Ein anderer, ebenso tragischer Fall betrifft den Kriegsveteranen Krans,
der am Morgen des 27. Juli 2002 in Peine-Stederdorf kurz vor neun vor
seinem Bett zu Tode kam. Laut Polizeibericht hatte Krans folgender Umstand
das Genick gebrochen: Er war mit dem falschen, dem rechten, Fuß
aufgestanden, obwohl ihm nur noch der Linke zur Verfügung stand.

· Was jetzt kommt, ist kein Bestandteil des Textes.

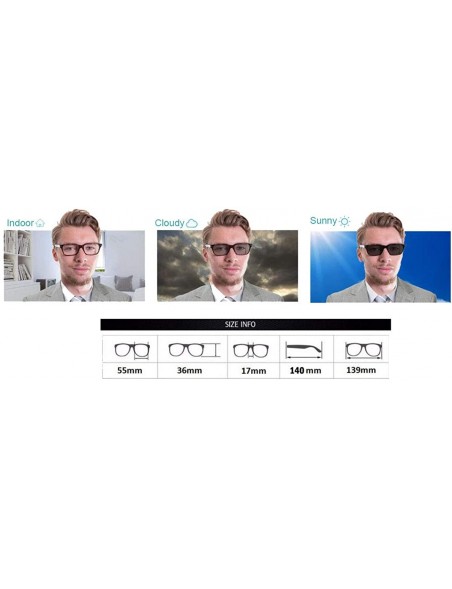 Rectangular Men Photochromic Light-sensible Reading glasses Sun readers spring hinges 55-17 UV protection - Gold - CY18OXNDG4...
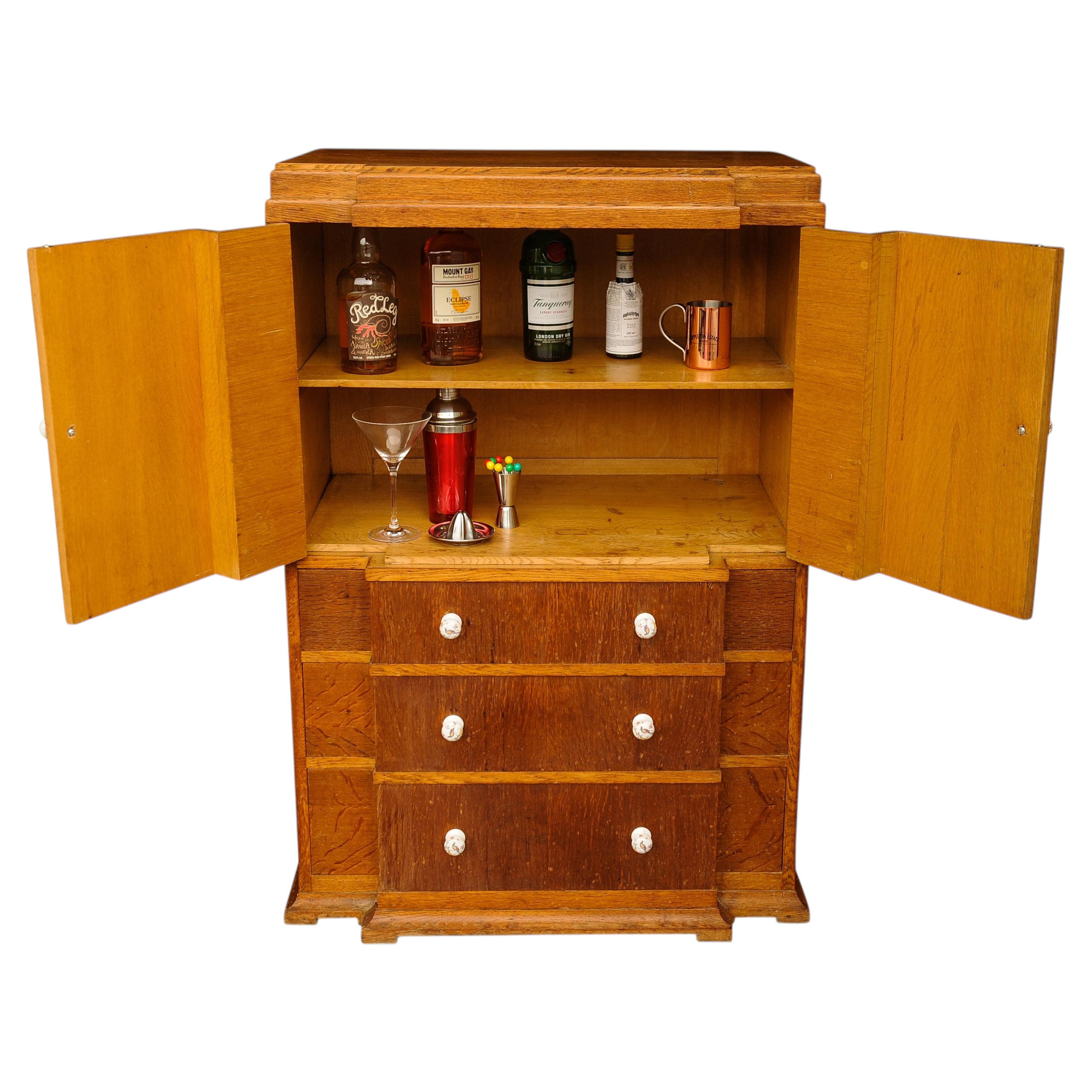 Art Deco Tallboy Cocktail Cabinet, Limed Oak, 1930s by Heal's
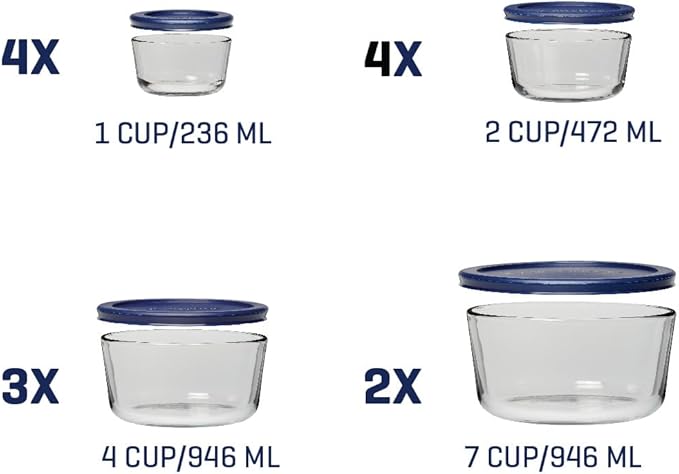 Anchor Hocking 26 Piece Glass Storage Containers with Lids (13 Glass Food Storage Containers & 13 Navy Blue SnugFit Lids)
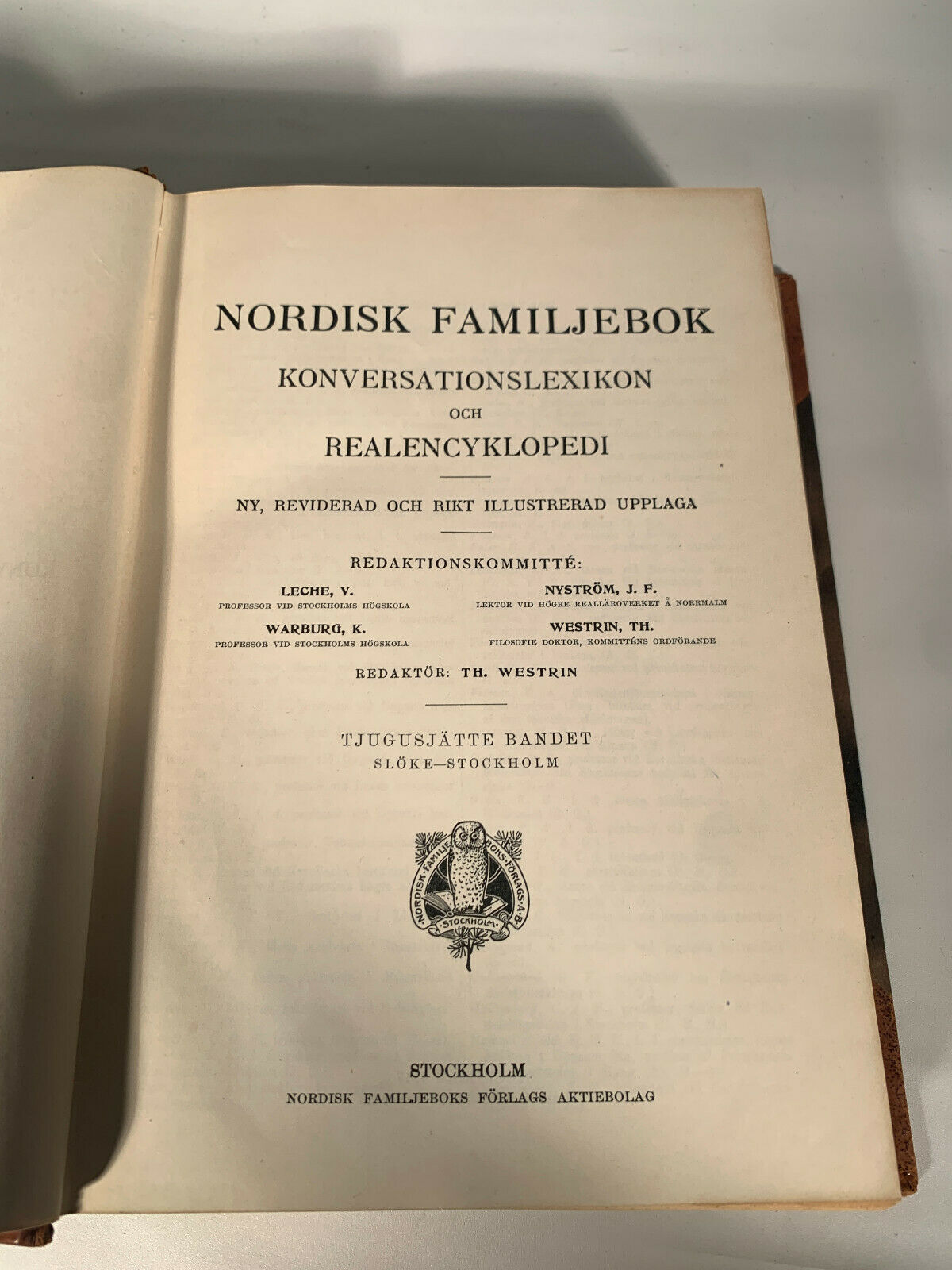 Nordisk Familjebok (Nordic Family Book) Sloke - Stockholm, Vol. 26 - 1917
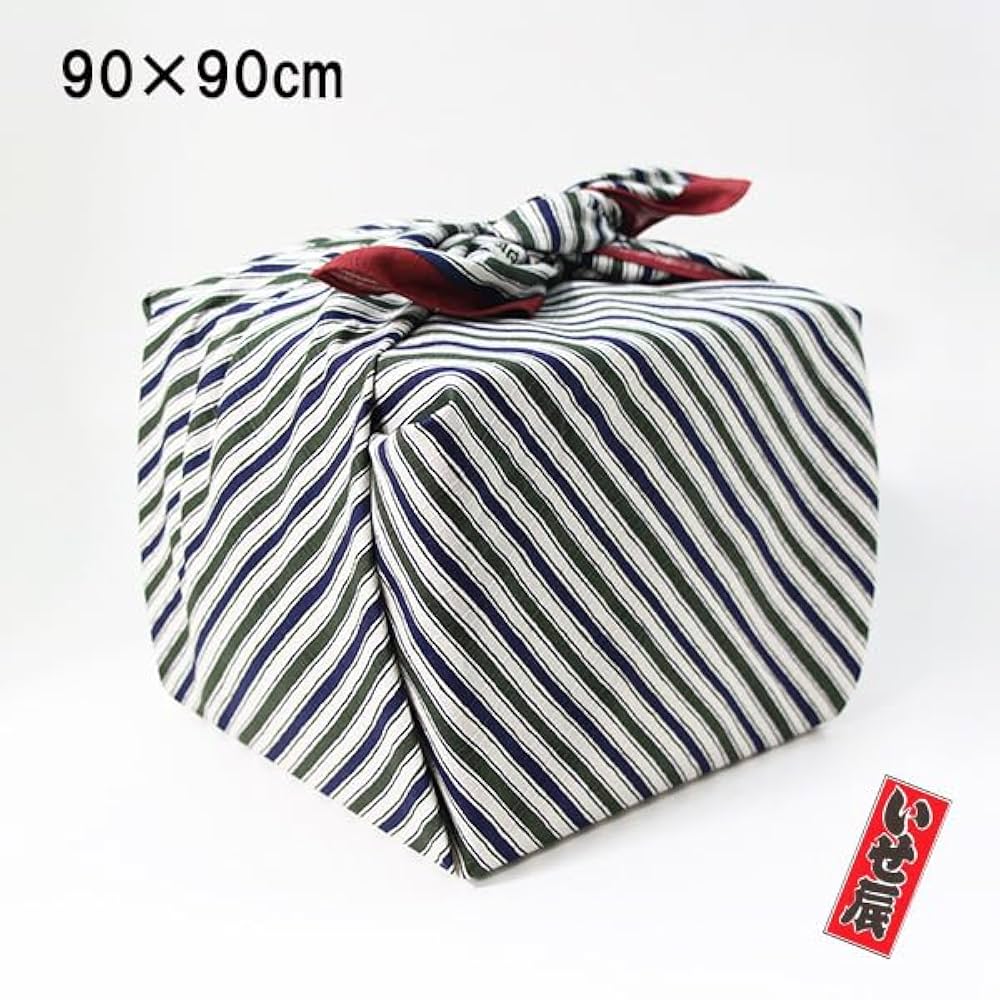 Amazon.co.jp: 風呂敷 重箱 縞 グリーン いせ辰 90cm 綿100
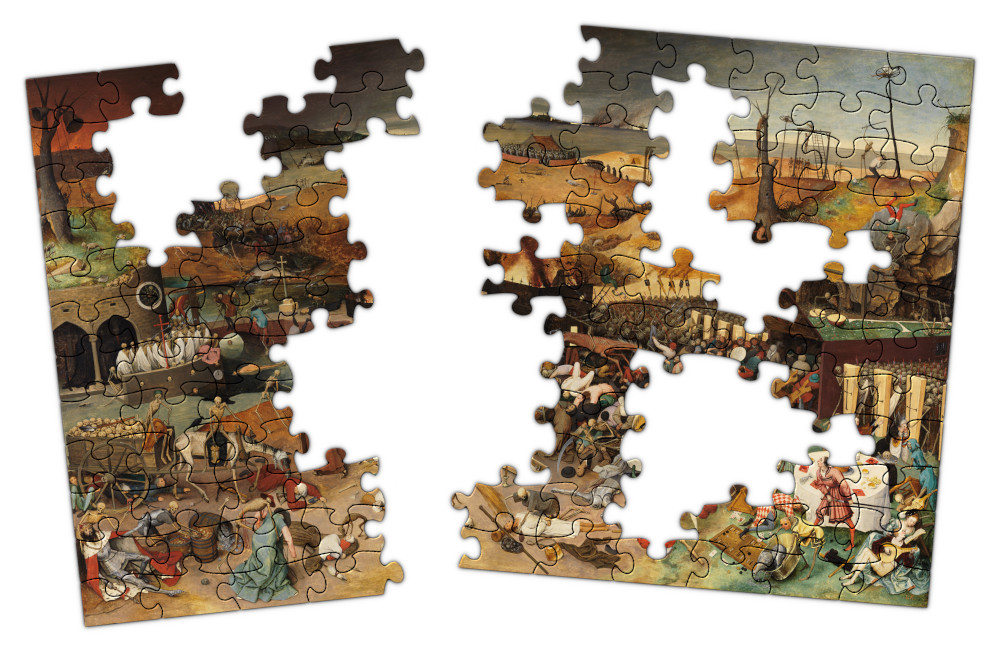 A game of Jigwar played with a 120-piece jigsaw of Bruegel's The Triumph of Death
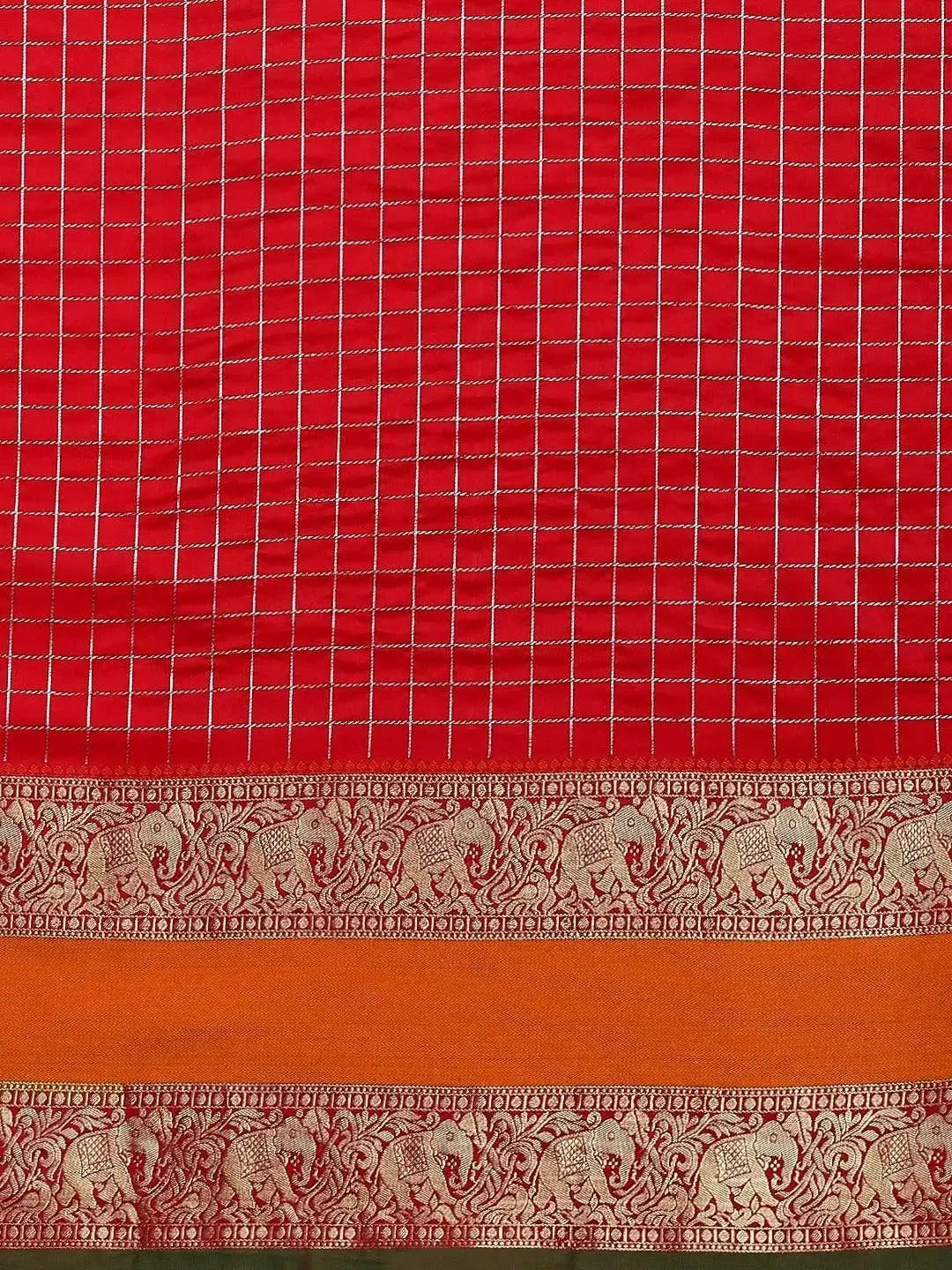  Exclusive Banarasi Silk Saree With Checked Pattern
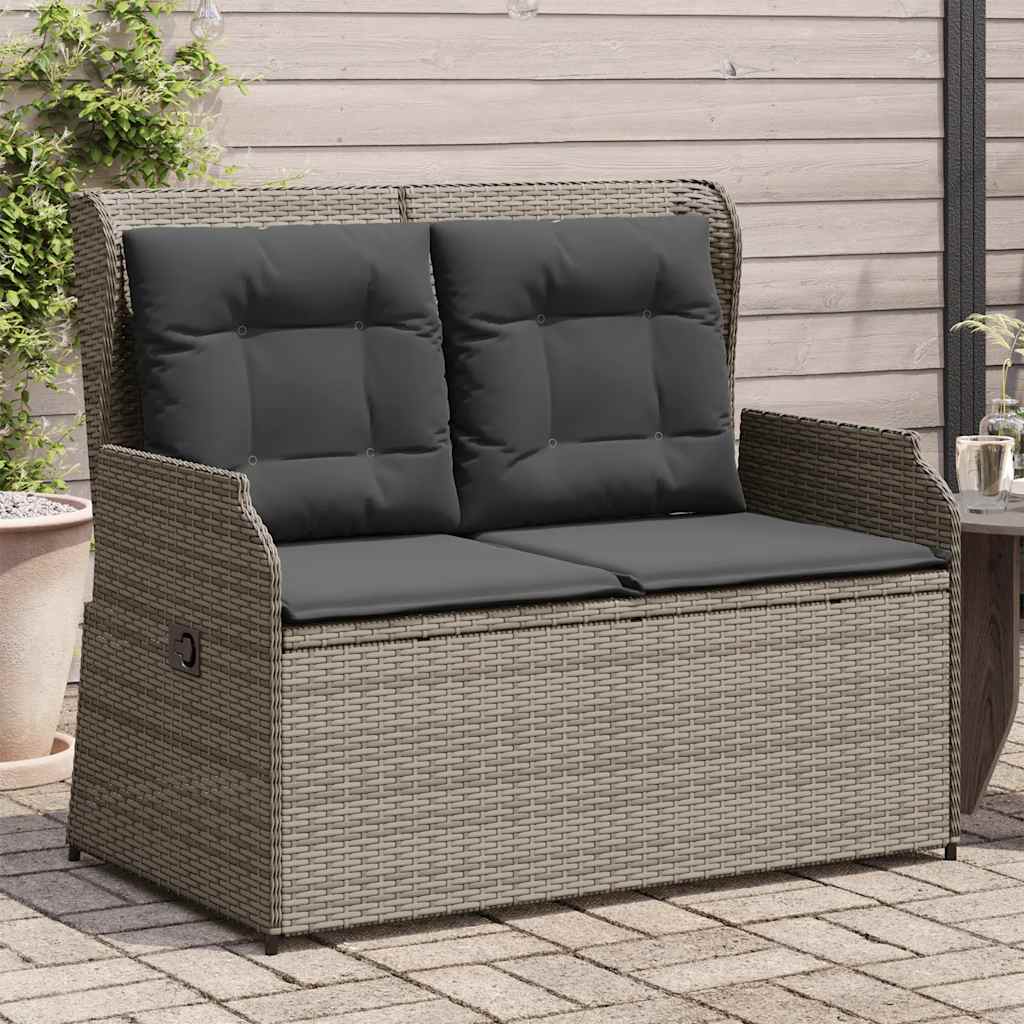 vidaXL Tuinbankje verstelbaar met kussens poly rattan zwart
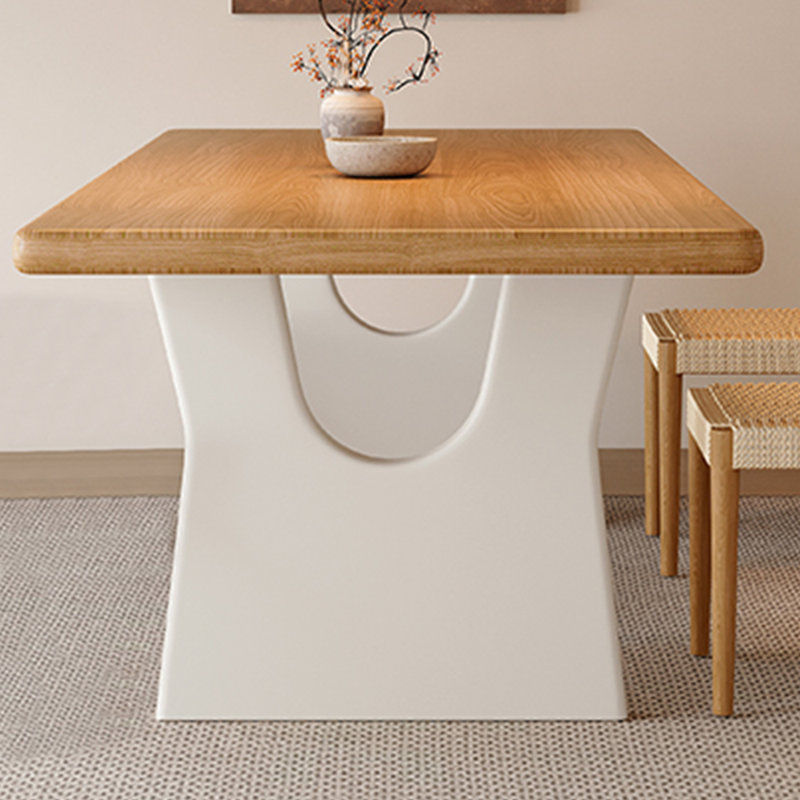 Solid wood ash simple dining table, 29.53" H x 55.12" L x 27.56" W, White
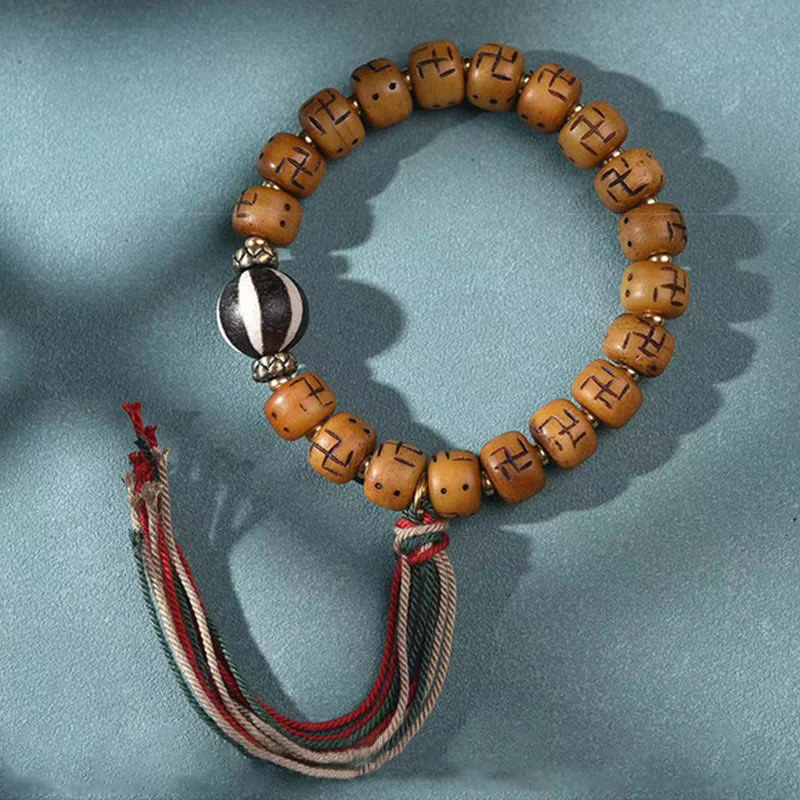 Buddha Stones naturalne tybetańskie kości wielbłąda swastyka Dzi koralik Shankha wisiorek buddy Kirtimukha ochrona szczęścia bransoletka z frędzlami - Image 11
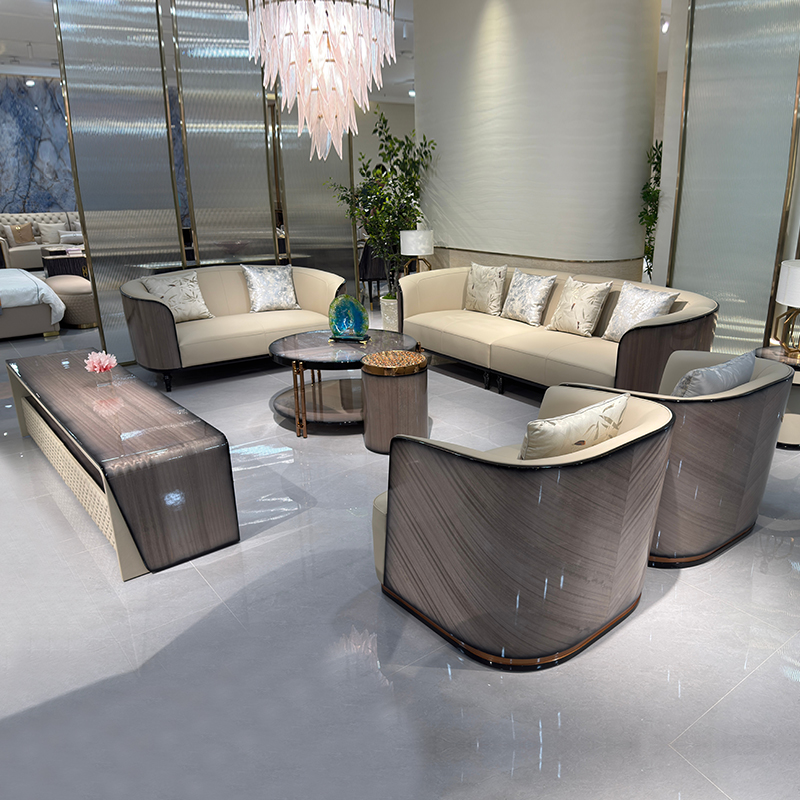 Ivory Rounded Panel Sofa Collection in a furnished interior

Das komplette rechte Bein moderte seit 56 Jahren im Kessel von Kursk,
wo es nach dem Einschlag eines feindlichen Granatsplitters an einem seidenen
Faden gehangen hatte, vorschriftsmäßig amputiert und endlich
in russischer Erde begraben worden war. Den Phantomschmerz ertrug Krans
ein Leben lang ohne Murren, in späteren Jahren quittierte er sein
Erscheinen sogar mit Genugtuung, zuweilen sogar mit Dankbarkeit. Hatte
man Krans doch kurz vor der entscheidenden Schlacht nebst anderen Versehrten
aus dem Kessel geflogen, den fast keiner der Kameraden überleben
sollte, um sein Schicksal zu Helmstedt in die Hände einer reizenden
Krankenschwester namens Frl. Binder zu legen, die er kaum genesen ehelichte.
Dass ausgerechnet jenes rechte, soviel Lebensglück spendende Bein
den Krans letztlich doch ins Grab beförderte, empfanden selbst einige
der engsten Angehörigen als irgendwie stimmige Pointe.